Relative luminometer units (RLU) have no unit. They are the result of the luciferase reaction and proportional to the expression of the luciferase gene, meaning the higher the numbers are, the higher the expression is.
To analyze these numbers, you usually use a control, to which your samples are then relative to. So expression from your luciferase vector is 10x higher in the treated sample compared to the control for example.
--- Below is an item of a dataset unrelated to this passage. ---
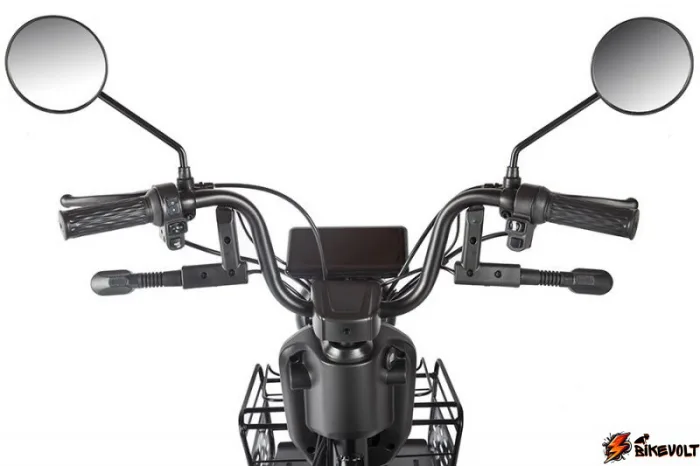 Электротрицикл Rutrike Шкипер — изображение 14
As the RLU has no unit, it is hard to compare measurements directly. To overcome this problem, you can use a second luciferase reaction (the renilla luciferase) to be able to normalize between samples and to correct for transfection efficiency, but still, your values are only relative.
They are influenced but the kit you use for the measurement, the machine you use (so always use the same machine) and so on.
To normalize the values, you divide each firefly luciferase value by the value for the renilla in the same well. Ideally alls renilla measurements are the same (as you transfected the same amount of plasmid in each well, have the same number of cells etc., but if not, this corrects exactly this problem). You cannot calculate the transfection efficiency from this control.
To calculate the relative expression ratios between your sample B and the respective control A, you set the control to 1 by dividing A/A=1 (for example: A=10, 10/10=1) The relative expression of B is then B/A= relative expression (for example: B=5, relative expression: B/A= 5/10=0.5). In the example the relative expression of sample B would be half the one of the control.